Michael Burgess and Destin Hood represent the Nationals' future, and in a way, their past. They are two of the last vestiges from the Jim Bowden era, a pair of the "toolsy" outfielders Bowden famously chased after, both of them oozing skill but only trickling polish.
They are still a pair of the Nationals' top prospects; that much is indisputable. But Bowden, the general manager who compared one to Dave Parker and the other to Torii Hunter, is gone, and Mike Rizzo, his replacement, has put a new farm director in place and championed a more methodical pace of development in the minors.
It's not so much that the paradigm has shifted to something that's unfriendly for either player. But it has changed, and they've had to change with it. Burgess gave up McDonald's, Burger King and his favorite, Wendy's (the double cheeseburger meal was his go-to order) for grilled chicken, pasta and vegetables. He dropped 15 pounds, replacing baby fat with muscle and mobility.
Hood started last year in major-league camp, thanks largely to Bowden's habit of prematurely showcasing his young players. But if his .330 average in the Gulf Coast League was a sign of the then-19-year-old's promise, his .246 mark -- complete with 45 strikeouts in 38 games -- for Class A Vermont of the New York/Penn League showed just how far away he was. Hood was a two-sport athlete in high school, only available in the second round of the 2008 draft because of concerns he might cash in on his scholarship to the University of Alabama and play there as a wide receiver.

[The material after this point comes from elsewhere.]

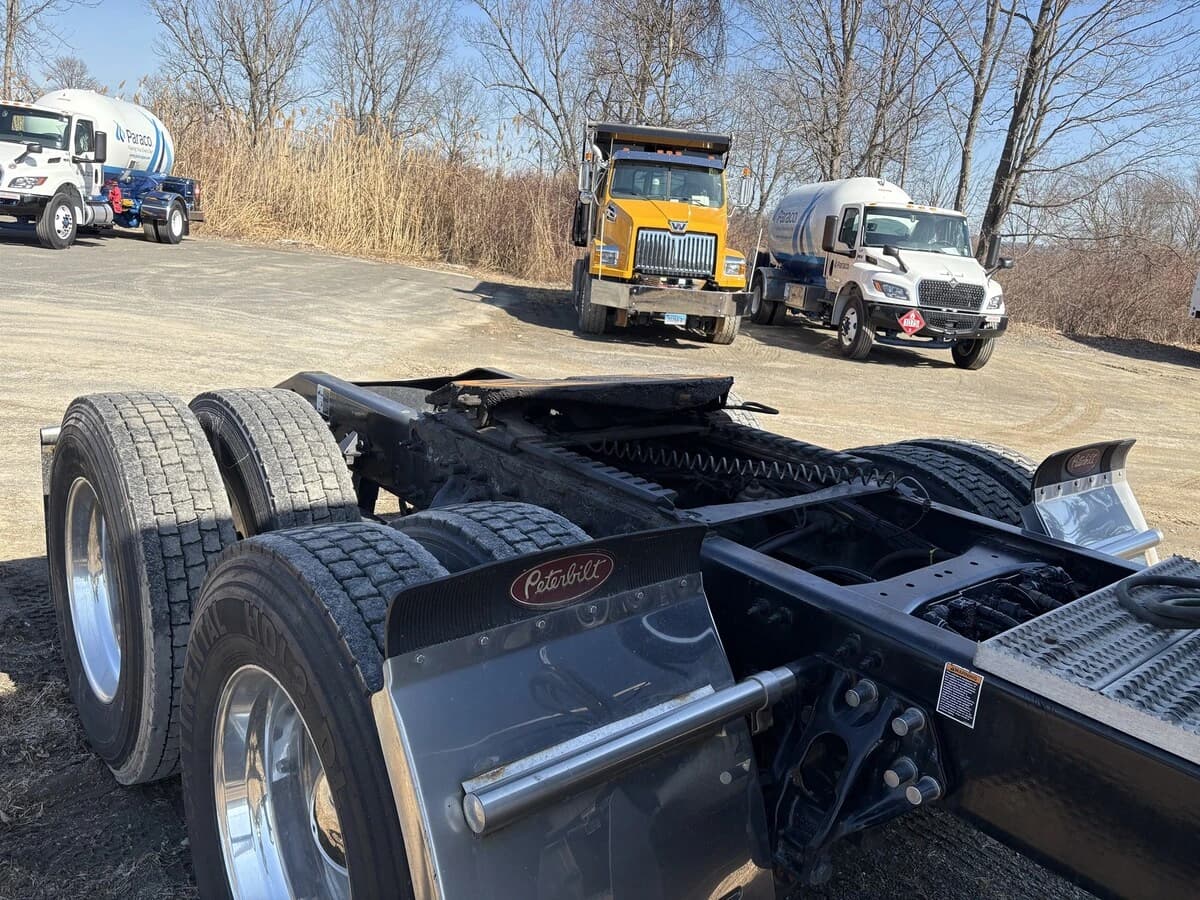 2018 Peterbilt 389 — photo 10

But the side effect of his versatility was an unrefined nature to his game, full of the peaks and gaps that any player without thousands of hours in baseball would have.
Neither player is in big-league camp this year, getting only a token taste of the majors on Tuesday when they traveled with the Nationals to face the Cardinals in Jupiter. Instead, they'll start in minor-league camp, smoothing out their games to succeed in the system Rizzo and farm director Doug Harris have set up.

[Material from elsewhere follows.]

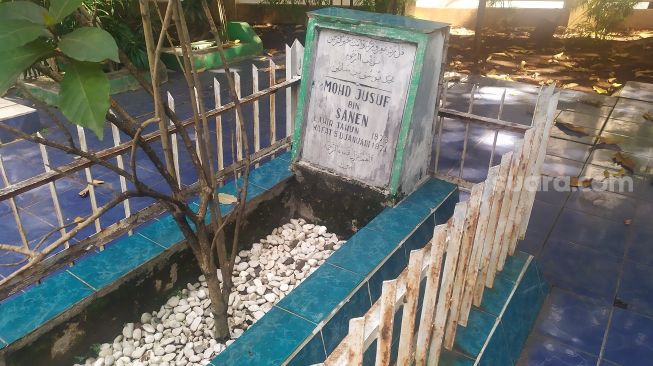 Makam Syech Muhammad Yusuf pejuang kemerdekaan di kawasan Perumahan Pesona Khayangan Kota Depok, Minggu (15/11/2020). [Suara.com/Supriyadi]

"(The year) is real important to me, man," Burgess said. "I still have a lot to prove to get where I want to go."
Burgess, taken with a sandwich pick in the 2006 draft, has hit 43 home runs in his last two minor-league seasons. But he's struck out 297 times, never posting an on-base percentage above .333. If the biggest key to his off-season was losing weight, the biggest key to his year in the minors is learning discipline at the plate.
"(The pitchers) are around the plate more (at higher levels)," Burgess said. "They find the holes in your swing, and they stay there. My goal is to not let them know where my hole is."
With Rizzo in charge, there are far fewer prospects in the Nationals' major-league camp this year than there were under Bowden, and Hood was one of the more obvious examples of the switch. He figures to start the year at Class A Hagerstown without any of the attention put on his talents that would have come last year during his stay in big-league camp. But that experience, Hood said, showed him what the finished product looks like. That goal in mind, he's taken a workmanlike approach to minor-league camp this year.
"You've got to stay a little hungrier on the other side," Hood said. "It's good I started out there, because a lot of guys helped me out, let me know how it is to get to the big-league level, but also how to stay focused so I can find ways to get there."
He showed no regret when talking about watching Alabama win a national championship this year; instead, he mentioned that wide receiver Julio Jones was a high school teammate, that he had played against several other players on the team and how happy he was to see them win a title.
There was nothing in Hood's voice that suggested he would have done things differently.
"I knew where I wanted to be," Hood said. "If I had second chance to do it, I'd do the same thing I did."
It's unlikely either player will arrive in Washington before 2012, but both are still highly regarded in the Nationals' system. Burgess figures to arrive first, especially if he can learn to be more selective at the plate; his left-handed bat and strong arm would play nicely in right field at Nationals Park.
But most players in the Nationals' system don't make the kinds of turbo-charged leaps they did under Bowden anymore. It will take painstaking improvements and the ability to, as Rizzo says, "master a level" of the minor leagues before advancing -- almost like ascending through ranks in the military.
Both players say they're ready to put in the work.
"It's a dream," Burgess said. "It's always been a dream to play here, to have a chance to play on the same field as a lot of big-time guys. ... This is where I want to be. It's fun playing with all these guys, man. Maybe I'll be there in the future."